Der allerdings ist gut aufgebaut: Schon das Inhaltsverzeichnis ist inhaltlich, verzichtet dafür auf das numerische. Zudem ist es konkret nicht abstrakt. Das baut dann Bilder auf, um was es geht, die einen beim Lesen begleiten. Die Texte selber sind vorbildlich einfach, voller Neuigkeiten, anschaulich, belegt, stimmig und persönlich – SUCCESfull eben. Abgerundet wird das Buch mit einer Art Stichwortverzeichnis, welches den Zielsetzung, die Thesen, die Belege und die Interpretation in Kürzestform wiederholt.

Autor Chip Heath ist Professor für Verhalten in Organisationen im kalifornischen Stanford, und Dan arbeitet als Berater am Aspen Institut. Zusammen ist den heathbrothers ein Wurf gelungen, der wissenschaftlich unterlegt, von Praxis erfüllt, mehr als nur eines der üblichen Rezeptbücher ist. Vielmehr handelt es sich bei ihrem Bestseller um eine eigentliche Kommunikationsphilosophie, die ausgebreitet und angewendet wird.
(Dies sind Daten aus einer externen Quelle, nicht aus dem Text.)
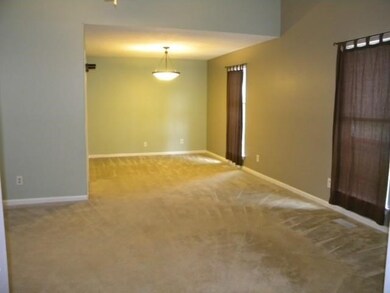 301 Branchwood Ct, Jacksonville, NC 28546 - photo 4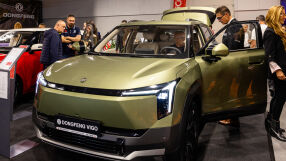 Премиера на Asia Motor Show: Чайна Мотор представи още два нови модела на DONGFENG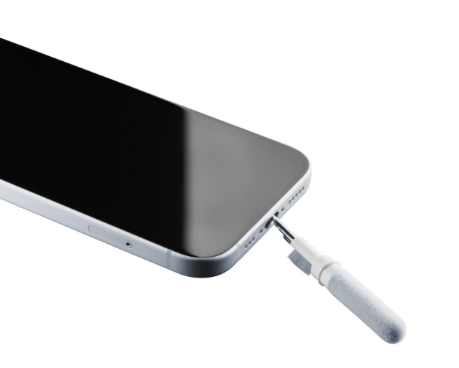 Ein weißer Reinigungswerkzeugstab steckt in einem grauen Smartphone.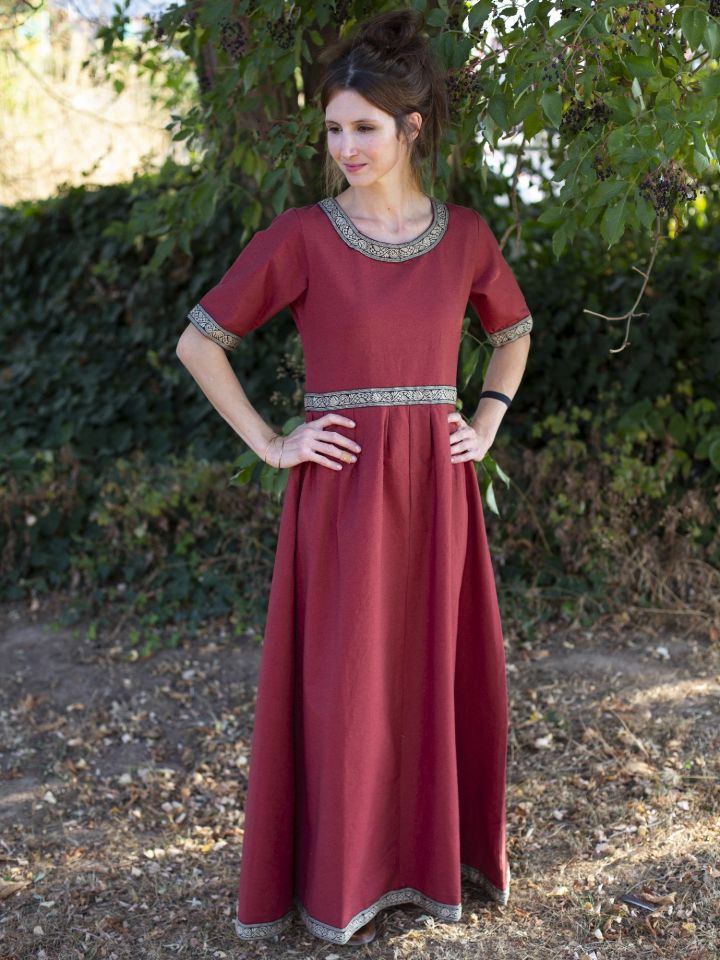 Robe manches courtes avec galon, en rouge XL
MIr jedenfall ist das gut eingefahren. Denn auch unsere Untersuchungen zeigen seit langem, dass das an der politischen Kommunikation entscheidend ist, was an der Lebenswelt der BürgerInnen anknüpft, sodass es nachvollziehbar ist und in Erinnerung bleibt.

Das Buch selber ist jedoch nicht politisch. Es geht vom Alltagsgespräch bis zur Lernsituation in Gruppen. Witzig ist ihr Schluss zu “Unsticking an Idea”. Ist das überhaupt möglich?, fragen sich die beiden Heath’s – und geben die für sie typische Antwort: “Nein”. Was einmal haften geblieben ist, bleibt haften. Punkt. Es kann aber überklebt werden: “Fight sticky with stickier” ist ihre auch hier glasklare Mitteilung an die Leserschaft.

Lesen sollten dieses Buch alle, die verstehen wollen, was kommt und bleibt, und was vergeht, bevor es sticht. Was sticky ist, ist wichtig und gar nicht so wenig, wie Traumanalysen, Stimmungsberichte, Lebensgeschichte zeigen, selbst wenn das Referierte längst zurück liegt.

Also: Finde stets das Wichtige, und behandle es. Schaffe Aufmerksamkeit, und halte sie. Hilf deinen Gegenüber zu verstehen und zu erinnern. Stütze es mit deiner Person in seiner Ueberzeugung. Nutze die Kraft der Assoziationen, indem du dich auf Identitäten beziehst. Zeige deinen Ansprechpartner, wie sie handeln können – und gib ihnen die Kraft dazu!

Oder ganz einfach: “Use what sticks.”